- _ASSIGNMENT_: Copy out exactly the line that contains "BRAND mens wedding studio" and all lines following it to the end of the data.

- _EXTRACTED DATA_:
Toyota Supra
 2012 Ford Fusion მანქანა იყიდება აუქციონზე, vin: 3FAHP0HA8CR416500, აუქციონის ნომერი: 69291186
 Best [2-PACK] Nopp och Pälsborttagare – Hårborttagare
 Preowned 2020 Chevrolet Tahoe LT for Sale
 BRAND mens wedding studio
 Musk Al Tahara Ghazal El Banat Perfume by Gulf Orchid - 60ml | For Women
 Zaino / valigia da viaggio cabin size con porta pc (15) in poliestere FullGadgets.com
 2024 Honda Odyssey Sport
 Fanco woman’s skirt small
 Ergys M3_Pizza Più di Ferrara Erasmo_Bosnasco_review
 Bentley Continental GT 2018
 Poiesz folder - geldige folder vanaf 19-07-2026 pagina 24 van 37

- _YOUR RESPONSE_:
 BRAND mens wedding studio
 Musk Al Tahara Ghazal El Banat Perfume by Gulf Orchid - 60ml | For Women
 Zaino / valigia da viaggio cabin size con porta pc (15) in poliestere FullGadgets.com
 2024 Honda Odyssey Sport
 Fanco woman’s skirt small
 Ergys M3_Pizza Più di Ferrara Erasmo_Bosnasco_review
 Bentley Continental GT 2018
 Poiesz folder - geldige folder vanaf 19-07-2026 pagina 24 van 37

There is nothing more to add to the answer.